Managed to figure out a way to do it. Not the prettiest solution but at least it works.
If I configure the service-template (~SSID profile) with a vlan:
wlan ap-group algdi
if-match ip 10.10.10.0 255.255.255.0
ap ap-3.1
ap ap-3.3
ap ap-4.4
dot11a service-template 1 vlan-id 123
dot11a service-template 2 vlan-id 123
dot11bg service-template 1 vlan-id 123
dot11bg service-template 2 vlan-id 123
then this vlan id is then sent along with the radius request as part of the NAS-port-id:
Input RADIUS Attributes -
Radius:IETF:Acct-Session-Id = 11607121154130ed09a5627f
Radius:IETF:Called-Station-Id = 2C-41-38-DB-AA-8E:clearpasshp
Radius:IETF:Calling-Station-Id = 28-B2-BD-42-D8-1C
Radius:IETF:Chargeable-User-Identity =
Radius:IETF:Framed-MTU = 768
Radius:IETF:Framed-Protocol = 1
Radius:IETF:NAS-Identifier = AC1
Radius:IETF:NAS-IP-Address = 10.10.10.34
Radius:IETF:NAS-Port = 16811984
Radius:IETF:NAS-Port-Id = slot=1;subslot=0;port=8;vlanid=123
Radius:IETF:NAS-Port-Type = 19
Radius:IETF:Service-Type = 2
Radius:IETF:User-Name = DOMAIN\\user
That is the only way I found to get dynamic vlans that take the ap-group into acount.

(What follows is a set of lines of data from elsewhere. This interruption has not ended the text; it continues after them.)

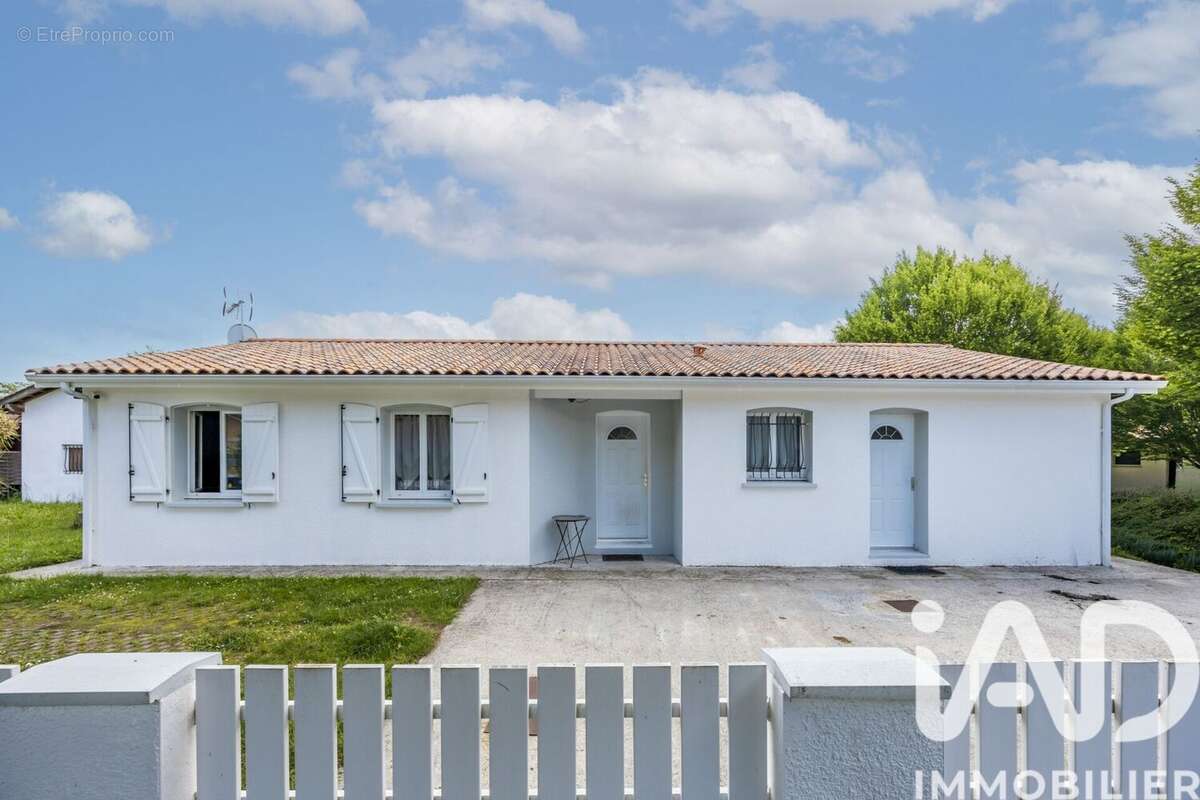 Maison 106 m² à Candresse  - photo 2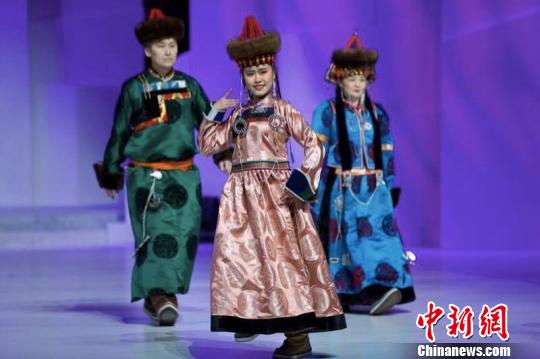 图为布里亚特蒙古族姑娘展示巴斯干(未婚女子袍)。 包艳梅 摄 图为布里亚特蒙古族姑娘展示巴斯干(未婚女子袍)。 包艳梅 摄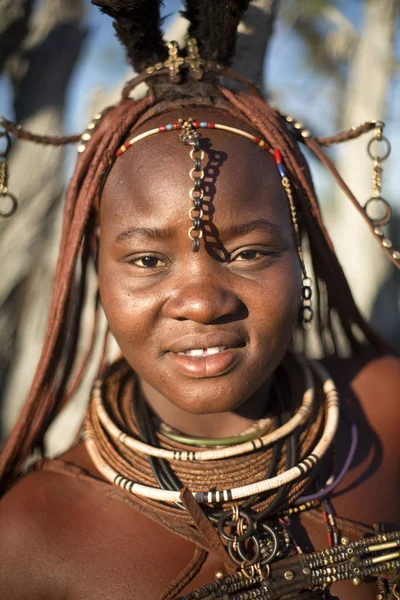 在她村子里的辛巴族女人姿势 — 图库照片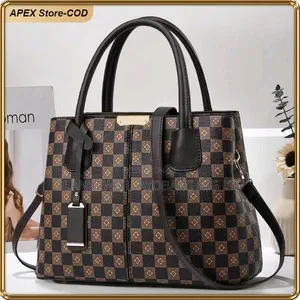 Ashion Chic Pu Leather Bag for Women Lightweight Durable Versatile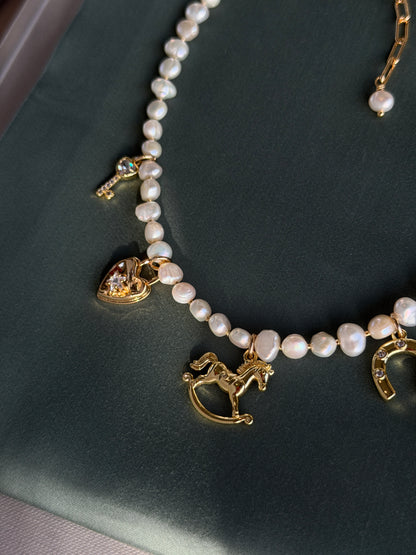 LUCKY necklace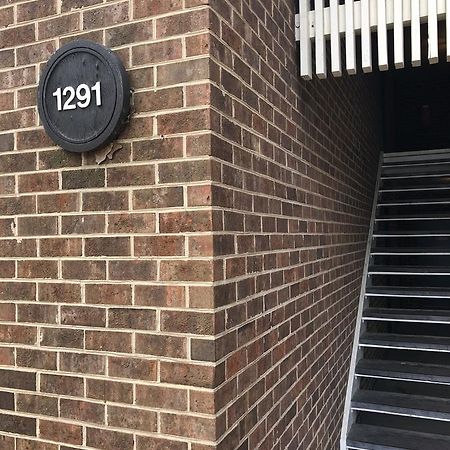 Modern Upscale Private Rooms Raleigh Exterior photo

And for your reference Capali, these are all the radius VSA's that I receive in the request.
EDIT: If you solve it like this, be sure to add ALL the vlans you may be pushing to users from this ap-group. The HP WLAN controller seems to send the previously pushed vlan when a user switches networks instead of the default vlan.